Между делами я сумел пристроить своих лесных разбойников к предку в крепостные крестьяне. За сто рублей ловкач писарь состряпал фальшивую купчую крепость о том, что Антон Иванович будто бы купил крестьян на вывоз, а Писарев собрат и коллега внес их имена в Ревизские сказки.
Отказались идти в крепостные только атаман и раненый солдат. Они решили пробираться на Северный Кавказ к кабардинцам. Остальные, намыкавшись в бегах, плакали от счастья, что могут вернуться к убогой, нищей крестьянской жизни.
Наконец беготня и хлопоты кончились. Я завершил свои дела на ниве здравоохранения, устроил прощальный ужин для новых друзей и приятелей и был готов трогаться в путь.

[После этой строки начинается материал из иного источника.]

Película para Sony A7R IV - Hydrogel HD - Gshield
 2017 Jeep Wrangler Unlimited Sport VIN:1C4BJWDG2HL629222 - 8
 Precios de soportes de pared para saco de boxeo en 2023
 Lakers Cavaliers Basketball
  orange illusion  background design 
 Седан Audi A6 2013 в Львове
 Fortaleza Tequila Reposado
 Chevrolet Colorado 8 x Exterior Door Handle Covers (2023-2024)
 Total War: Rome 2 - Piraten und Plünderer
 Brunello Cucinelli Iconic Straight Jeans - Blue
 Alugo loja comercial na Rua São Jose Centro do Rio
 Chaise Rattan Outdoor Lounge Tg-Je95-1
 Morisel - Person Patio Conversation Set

Антон Иванович возвращался в столицу не бедным офицером, потомком «игрою счастия обиженных родов», а помещиком средней руки, на собственной карете с челядью. Как я ни уговаривал его отказаться от лишних людей и экипажей, переубедить новоявленного барина мне не удалось.
Поэтому наш конный «поезд» состоял из старинной кареты-рыдвана, тяжелой, вычурно отделанной, со всевозможными комфортабельными прибамбасами, моей легкой коляски и брички.
Путешествие «на своих» с «кормежкой», предполагало неспешное передвижение до ста верст в день в хорошую погоду и сколько получится в плохую. Обычно делалось это следующим порядком: выезжали после ночевки очень рано, по росному холодку и преодолевали в первый заход верст пятьдесят.
После этого устраивали долгий привал с кормежкой и отдыхом лошадям.
Второй отрезок пути падал на вечернее время и продолжался до темноты. Для ночевок выбирались, по возможности, живописные места или деревни, где специально назначенные крестьяне устраивали проезжающих по избам.